The Master expounded the Dharma for more than thirty years, with a sound as profound as rolling thunder, and brilliant as the unshaded sun and moon.
A verse in praise says:
Lofty and inaccessible like a sheer cliff,
The lion leaps backwards.
The son returns to his father,
But the father does not recognize him at all.
A teacher for humans and gods,
He upholds the standards of the Buddha.
Rewarded and praised with imperial decrees,
His glory was bright and splendid.
Another verse says:
"Wealthy Valley" (Fu Yu) from Shan Syi gave the Lion's Roar,
The Elder "Myriad Pines" (Wan Sung) had nowhere to escape.
The student Sanghan bowed in homage and then covered up.
The Venerable One was delighted and ascended a tall tower.
The Dharma Host at Shau Lin and Sying Gwo Monasteries,
The head of the Sangha at the Eastern Suburb and also the Northern Court.
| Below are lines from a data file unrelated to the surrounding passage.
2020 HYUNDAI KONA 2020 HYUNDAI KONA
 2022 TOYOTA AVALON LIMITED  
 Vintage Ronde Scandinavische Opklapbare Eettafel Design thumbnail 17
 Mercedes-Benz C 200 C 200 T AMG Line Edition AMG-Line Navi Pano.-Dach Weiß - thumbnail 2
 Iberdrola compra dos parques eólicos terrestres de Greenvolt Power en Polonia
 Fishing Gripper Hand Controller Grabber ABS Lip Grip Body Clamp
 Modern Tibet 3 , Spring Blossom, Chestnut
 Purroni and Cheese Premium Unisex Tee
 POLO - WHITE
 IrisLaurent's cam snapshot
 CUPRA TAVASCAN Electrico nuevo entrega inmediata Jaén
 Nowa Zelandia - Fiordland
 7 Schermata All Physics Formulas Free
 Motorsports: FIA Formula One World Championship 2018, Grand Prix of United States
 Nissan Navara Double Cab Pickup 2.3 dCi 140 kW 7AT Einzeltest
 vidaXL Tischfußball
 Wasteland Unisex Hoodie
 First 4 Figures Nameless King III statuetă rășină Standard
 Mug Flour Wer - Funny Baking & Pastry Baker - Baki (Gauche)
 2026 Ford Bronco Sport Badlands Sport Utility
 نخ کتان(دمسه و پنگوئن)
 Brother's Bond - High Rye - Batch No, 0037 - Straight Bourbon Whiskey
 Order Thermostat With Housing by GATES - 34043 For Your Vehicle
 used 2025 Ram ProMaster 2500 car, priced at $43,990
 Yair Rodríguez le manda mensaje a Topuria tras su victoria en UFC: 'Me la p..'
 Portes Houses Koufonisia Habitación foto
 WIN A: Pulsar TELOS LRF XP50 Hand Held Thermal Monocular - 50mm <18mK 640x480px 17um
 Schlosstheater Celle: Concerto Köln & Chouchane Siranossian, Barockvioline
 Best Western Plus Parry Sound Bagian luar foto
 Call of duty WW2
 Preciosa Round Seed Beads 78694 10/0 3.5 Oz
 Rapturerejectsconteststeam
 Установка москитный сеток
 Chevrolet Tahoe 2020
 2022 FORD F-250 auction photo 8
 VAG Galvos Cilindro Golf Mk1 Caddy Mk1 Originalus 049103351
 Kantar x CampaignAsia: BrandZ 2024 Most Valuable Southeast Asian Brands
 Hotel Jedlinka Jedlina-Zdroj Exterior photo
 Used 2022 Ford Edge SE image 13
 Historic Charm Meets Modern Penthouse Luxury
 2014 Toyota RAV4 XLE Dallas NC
An outstanding, great knight of the Ywan Dynasty,
The virtue and kindnessof "Right Eloquence Who Glorifies the Religion" (Gwang lung jeng Byan) were sublime.
The Fifty-seventh Generational Patriarch, Dhyana Master Fu Yu (Abundant Blessings) of
Swye Ting (Snow Court) Monastery, The Fifty-seventhth Patriarch, Dhyana Master Fu Yu of Sywe Ting, was a patriarch of the Tsao Dung School. Some say he belonged to the Tsao Dung School, and others say he was of the Tsao Yun School. Also, some say he lived in Ywan Dynasty. In the Ywan Dynasty, Buddhism underwent extensive destruction. In China, Buddhism usually suffered whenever there was a change of dynasty or a new emperor took the throne. For example, during the reign of Empress Wu Dze Tyan of the Tang Dynasty, Buddhism flourished greatly. In the reign of Emperor Wu of Tang, however, the Court tried to destroy Buddhism, and the Dharma in China suffered great damage. Monks were forced to return to lay-life and cultivating the Way was forbidden. Dhyana Master Fu Yu (Wealthy Valley) happened to be born in the Ywan Dynasty.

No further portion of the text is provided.